A few gentle points:
(a) You mention that the NVidia docs push people to use libraries, etc. to really get high performance CUDA kernels, rather than writing them themselves. My argument would be that SIMD is exactly the same - they're something really that are perfect if you're writing a BLAS implementation but are too low level for most developers thinking about a problem to make use of.
(b) You show a problem where autovectorisation fails because of branching, and jump straight to intrinsics as the solution which you basically say are ugly. Looking at the intrinsic code, you're using a mask to deal with the branching. But there's a middle ground - almost always you would want to try restructuring the problem, e.g. splitting up loops and adding masks where there's conditions - i.e. lean into the SIMD paradigm. This would also be the same advice in CUDA.

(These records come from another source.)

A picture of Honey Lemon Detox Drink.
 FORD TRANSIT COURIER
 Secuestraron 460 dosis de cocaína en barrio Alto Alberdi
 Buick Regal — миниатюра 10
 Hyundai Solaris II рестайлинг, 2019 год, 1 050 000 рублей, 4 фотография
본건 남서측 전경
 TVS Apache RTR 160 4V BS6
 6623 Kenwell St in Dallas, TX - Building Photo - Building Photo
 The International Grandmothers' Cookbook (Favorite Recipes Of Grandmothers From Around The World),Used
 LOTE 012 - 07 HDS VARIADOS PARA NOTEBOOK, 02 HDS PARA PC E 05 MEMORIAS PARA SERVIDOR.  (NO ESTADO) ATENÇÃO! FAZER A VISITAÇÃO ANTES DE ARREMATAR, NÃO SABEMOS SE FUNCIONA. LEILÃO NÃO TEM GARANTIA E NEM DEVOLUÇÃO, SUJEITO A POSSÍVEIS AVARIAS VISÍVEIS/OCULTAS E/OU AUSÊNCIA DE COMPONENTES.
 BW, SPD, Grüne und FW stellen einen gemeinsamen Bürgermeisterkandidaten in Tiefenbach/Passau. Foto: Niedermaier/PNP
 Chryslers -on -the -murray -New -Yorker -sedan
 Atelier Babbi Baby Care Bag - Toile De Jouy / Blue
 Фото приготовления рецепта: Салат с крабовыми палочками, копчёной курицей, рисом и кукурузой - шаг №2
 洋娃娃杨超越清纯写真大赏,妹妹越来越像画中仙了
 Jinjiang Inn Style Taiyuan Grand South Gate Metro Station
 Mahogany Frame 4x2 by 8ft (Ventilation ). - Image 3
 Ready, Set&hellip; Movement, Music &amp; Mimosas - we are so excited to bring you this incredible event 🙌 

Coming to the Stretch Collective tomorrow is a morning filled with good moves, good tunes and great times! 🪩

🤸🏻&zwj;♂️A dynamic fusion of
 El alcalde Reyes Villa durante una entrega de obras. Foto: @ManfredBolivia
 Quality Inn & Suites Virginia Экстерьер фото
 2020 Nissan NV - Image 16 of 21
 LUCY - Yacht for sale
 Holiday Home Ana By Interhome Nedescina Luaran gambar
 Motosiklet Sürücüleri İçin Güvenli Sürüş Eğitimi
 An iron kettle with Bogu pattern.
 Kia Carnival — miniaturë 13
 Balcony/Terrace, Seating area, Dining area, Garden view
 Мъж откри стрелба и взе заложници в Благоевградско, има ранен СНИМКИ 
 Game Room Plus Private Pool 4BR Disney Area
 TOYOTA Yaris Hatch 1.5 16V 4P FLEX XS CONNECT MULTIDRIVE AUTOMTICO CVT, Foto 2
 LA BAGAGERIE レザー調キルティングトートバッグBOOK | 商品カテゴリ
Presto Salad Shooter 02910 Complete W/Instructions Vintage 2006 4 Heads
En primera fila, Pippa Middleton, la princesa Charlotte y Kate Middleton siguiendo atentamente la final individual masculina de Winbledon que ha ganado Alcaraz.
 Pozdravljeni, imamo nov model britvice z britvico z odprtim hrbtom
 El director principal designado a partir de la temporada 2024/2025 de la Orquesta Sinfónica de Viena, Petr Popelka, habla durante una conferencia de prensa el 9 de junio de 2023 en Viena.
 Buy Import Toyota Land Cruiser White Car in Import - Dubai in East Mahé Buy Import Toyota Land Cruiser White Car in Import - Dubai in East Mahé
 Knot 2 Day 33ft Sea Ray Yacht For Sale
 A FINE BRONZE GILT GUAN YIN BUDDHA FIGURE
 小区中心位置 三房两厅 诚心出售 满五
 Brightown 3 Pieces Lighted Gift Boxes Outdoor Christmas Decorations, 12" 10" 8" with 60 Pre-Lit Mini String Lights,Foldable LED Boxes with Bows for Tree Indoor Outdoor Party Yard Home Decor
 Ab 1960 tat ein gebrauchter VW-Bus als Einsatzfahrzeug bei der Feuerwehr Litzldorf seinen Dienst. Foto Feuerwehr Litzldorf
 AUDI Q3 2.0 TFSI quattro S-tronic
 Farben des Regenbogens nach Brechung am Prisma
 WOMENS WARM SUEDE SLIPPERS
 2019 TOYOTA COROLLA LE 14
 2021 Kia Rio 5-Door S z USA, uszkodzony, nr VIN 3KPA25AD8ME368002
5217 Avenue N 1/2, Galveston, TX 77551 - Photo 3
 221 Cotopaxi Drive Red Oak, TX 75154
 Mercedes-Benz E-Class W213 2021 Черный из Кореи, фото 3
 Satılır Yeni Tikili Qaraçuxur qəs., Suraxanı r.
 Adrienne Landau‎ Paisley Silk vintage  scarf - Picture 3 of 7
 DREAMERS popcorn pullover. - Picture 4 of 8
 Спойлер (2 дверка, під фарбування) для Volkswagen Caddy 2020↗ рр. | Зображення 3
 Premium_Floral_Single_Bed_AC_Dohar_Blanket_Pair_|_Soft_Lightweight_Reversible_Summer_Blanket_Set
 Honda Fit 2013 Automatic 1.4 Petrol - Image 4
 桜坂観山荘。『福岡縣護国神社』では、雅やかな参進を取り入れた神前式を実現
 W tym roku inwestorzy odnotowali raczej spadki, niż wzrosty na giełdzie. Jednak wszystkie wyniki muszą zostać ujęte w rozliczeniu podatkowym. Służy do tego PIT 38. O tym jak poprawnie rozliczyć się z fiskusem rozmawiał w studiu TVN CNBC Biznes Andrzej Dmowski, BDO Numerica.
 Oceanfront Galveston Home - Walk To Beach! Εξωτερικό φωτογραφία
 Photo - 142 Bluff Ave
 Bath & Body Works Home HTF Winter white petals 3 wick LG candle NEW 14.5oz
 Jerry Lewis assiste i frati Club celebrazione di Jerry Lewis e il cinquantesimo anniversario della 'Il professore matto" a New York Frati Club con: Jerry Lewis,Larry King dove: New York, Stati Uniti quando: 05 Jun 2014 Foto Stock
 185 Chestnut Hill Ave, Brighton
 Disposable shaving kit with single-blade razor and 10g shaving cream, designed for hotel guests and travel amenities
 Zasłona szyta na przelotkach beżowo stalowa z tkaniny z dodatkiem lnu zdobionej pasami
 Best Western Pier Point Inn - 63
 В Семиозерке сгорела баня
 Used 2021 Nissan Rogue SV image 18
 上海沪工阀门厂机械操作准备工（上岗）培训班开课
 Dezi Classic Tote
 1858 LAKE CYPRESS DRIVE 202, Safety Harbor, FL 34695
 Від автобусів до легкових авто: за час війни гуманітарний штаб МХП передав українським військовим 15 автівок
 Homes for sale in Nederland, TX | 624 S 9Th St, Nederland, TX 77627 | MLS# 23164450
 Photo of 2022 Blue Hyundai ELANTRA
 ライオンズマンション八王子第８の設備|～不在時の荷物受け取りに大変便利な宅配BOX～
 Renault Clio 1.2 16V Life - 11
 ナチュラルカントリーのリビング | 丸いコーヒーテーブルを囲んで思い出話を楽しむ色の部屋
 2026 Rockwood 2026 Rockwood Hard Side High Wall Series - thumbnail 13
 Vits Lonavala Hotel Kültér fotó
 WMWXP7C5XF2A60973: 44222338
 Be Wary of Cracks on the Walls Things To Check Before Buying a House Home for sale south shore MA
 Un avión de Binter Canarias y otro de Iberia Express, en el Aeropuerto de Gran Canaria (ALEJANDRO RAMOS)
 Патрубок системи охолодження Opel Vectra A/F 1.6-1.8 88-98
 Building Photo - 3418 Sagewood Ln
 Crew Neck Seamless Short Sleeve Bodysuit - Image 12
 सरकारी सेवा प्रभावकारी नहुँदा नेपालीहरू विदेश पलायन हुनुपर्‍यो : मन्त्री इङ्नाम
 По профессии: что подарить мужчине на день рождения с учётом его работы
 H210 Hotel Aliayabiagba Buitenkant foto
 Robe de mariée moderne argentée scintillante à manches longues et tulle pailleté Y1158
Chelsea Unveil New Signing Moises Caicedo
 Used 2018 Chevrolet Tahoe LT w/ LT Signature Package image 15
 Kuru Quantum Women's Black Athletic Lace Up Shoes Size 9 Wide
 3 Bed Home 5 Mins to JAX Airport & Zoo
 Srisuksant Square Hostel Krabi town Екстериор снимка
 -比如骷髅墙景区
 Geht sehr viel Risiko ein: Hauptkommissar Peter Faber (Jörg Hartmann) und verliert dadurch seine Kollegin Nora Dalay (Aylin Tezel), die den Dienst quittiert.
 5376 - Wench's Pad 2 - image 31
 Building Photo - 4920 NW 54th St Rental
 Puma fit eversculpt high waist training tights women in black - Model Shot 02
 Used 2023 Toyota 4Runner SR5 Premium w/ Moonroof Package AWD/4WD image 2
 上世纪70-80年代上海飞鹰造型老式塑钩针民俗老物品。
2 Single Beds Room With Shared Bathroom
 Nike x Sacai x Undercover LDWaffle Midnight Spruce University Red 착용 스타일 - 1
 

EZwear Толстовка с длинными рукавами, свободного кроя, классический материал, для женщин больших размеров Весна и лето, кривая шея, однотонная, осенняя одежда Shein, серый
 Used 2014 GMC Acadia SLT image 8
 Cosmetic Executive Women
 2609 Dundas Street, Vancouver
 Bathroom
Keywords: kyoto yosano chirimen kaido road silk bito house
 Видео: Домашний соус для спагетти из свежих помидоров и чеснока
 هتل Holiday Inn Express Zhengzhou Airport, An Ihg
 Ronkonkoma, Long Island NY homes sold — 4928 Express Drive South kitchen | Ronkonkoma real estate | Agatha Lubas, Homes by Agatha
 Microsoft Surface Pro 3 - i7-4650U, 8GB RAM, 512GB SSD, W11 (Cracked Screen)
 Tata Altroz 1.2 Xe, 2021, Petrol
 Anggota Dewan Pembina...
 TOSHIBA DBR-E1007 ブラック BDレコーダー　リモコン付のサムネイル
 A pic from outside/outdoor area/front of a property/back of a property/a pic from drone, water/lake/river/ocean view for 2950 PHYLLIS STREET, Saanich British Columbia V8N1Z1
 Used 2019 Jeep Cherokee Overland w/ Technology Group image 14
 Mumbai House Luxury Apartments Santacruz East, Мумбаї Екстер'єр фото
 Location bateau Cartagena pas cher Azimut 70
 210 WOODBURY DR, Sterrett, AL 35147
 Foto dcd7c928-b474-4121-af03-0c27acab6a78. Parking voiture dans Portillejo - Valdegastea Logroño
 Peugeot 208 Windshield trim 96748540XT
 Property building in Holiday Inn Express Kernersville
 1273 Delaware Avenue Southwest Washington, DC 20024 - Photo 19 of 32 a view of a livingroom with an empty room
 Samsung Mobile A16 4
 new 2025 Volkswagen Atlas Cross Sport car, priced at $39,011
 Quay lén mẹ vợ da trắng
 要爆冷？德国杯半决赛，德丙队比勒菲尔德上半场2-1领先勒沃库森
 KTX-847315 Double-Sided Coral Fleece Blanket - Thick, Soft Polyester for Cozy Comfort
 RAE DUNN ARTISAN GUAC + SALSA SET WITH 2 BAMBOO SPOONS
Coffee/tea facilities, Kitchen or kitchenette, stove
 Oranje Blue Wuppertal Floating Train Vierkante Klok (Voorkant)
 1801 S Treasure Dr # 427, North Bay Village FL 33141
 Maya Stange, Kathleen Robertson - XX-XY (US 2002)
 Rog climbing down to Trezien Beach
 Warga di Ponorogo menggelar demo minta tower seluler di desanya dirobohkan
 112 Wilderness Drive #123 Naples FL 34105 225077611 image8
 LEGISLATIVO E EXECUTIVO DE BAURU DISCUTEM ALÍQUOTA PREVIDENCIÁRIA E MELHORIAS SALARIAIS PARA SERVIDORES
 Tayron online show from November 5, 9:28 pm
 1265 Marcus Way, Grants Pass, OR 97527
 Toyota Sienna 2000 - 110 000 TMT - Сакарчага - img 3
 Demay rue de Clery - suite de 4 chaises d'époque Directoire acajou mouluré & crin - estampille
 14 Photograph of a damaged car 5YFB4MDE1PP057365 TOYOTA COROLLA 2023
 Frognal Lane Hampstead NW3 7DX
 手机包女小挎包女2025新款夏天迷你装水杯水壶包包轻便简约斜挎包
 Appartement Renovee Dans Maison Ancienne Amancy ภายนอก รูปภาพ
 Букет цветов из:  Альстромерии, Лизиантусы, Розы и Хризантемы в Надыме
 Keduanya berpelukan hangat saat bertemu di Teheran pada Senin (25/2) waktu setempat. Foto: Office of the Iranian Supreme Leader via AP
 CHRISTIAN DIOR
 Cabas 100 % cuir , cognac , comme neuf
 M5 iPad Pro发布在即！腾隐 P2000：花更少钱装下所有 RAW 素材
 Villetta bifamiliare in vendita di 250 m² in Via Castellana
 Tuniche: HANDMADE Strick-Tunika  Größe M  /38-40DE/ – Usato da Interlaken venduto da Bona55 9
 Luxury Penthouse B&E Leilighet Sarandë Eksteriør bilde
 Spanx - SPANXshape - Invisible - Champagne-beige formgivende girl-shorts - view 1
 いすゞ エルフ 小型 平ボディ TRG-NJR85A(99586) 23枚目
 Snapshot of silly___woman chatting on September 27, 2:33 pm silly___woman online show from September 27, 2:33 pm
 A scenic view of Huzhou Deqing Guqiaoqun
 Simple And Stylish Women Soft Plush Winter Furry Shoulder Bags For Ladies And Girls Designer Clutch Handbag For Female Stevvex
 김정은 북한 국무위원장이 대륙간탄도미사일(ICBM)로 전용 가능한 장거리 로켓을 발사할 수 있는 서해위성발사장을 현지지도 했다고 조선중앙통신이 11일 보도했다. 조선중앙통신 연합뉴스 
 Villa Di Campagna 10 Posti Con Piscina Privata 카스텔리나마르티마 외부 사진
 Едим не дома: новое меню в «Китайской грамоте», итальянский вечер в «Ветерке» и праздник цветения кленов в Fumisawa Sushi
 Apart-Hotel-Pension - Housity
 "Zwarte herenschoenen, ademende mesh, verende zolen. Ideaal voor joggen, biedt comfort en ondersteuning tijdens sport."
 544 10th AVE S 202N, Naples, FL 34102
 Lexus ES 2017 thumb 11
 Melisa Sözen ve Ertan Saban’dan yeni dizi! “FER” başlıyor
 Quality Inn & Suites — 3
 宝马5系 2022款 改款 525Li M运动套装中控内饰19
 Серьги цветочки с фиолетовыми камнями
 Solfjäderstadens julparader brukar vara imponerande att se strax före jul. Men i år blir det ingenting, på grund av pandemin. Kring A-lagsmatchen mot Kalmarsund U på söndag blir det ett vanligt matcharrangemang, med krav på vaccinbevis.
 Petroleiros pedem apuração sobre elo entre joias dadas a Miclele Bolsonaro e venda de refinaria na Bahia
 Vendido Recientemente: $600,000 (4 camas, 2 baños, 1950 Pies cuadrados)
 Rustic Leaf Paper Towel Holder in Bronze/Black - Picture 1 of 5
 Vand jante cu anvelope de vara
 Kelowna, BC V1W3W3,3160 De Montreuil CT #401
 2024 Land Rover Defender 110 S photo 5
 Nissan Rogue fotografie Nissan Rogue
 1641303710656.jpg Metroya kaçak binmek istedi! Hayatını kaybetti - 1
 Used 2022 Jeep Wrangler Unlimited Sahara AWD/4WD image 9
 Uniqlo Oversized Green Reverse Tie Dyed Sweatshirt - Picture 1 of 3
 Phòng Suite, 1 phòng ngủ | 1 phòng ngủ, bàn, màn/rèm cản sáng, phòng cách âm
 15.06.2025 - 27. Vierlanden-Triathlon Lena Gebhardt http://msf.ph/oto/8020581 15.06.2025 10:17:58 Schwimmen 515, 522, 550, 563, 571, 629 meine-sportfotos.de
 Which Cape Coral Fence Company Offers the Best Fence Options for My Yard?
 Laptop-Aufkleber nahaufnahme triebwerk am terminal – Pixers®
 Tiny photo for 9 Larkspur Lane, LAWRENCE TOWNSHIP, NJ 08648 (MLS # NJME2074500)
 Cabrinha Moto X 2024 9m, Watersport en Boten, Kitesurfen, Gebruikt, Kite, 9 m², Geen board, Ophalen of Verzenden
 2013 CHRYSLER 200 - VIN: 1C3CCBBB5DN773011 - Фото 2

(c) As you've found, GCC actually performs quite poorly for x86-64 optimisations compared to Intel. It's not always clear cut though, the Intel Compiler for e.g. sacrifices IEEE 764 float precision and go down to ~14 digits of precision in it's defaults, because it sets the flag `-fp-model=fast -fma`. This is true of both the legacy and new Intel compiler. If you switch to `-fp-model=strict` then you may find that the results are closer.
(d) AVX512 is quite hardware specific. Some processors execute these instructions much better than others. It's really a collection of extensions, and you get frequency downclocking that's better/worse on different processors as these instructions are executed.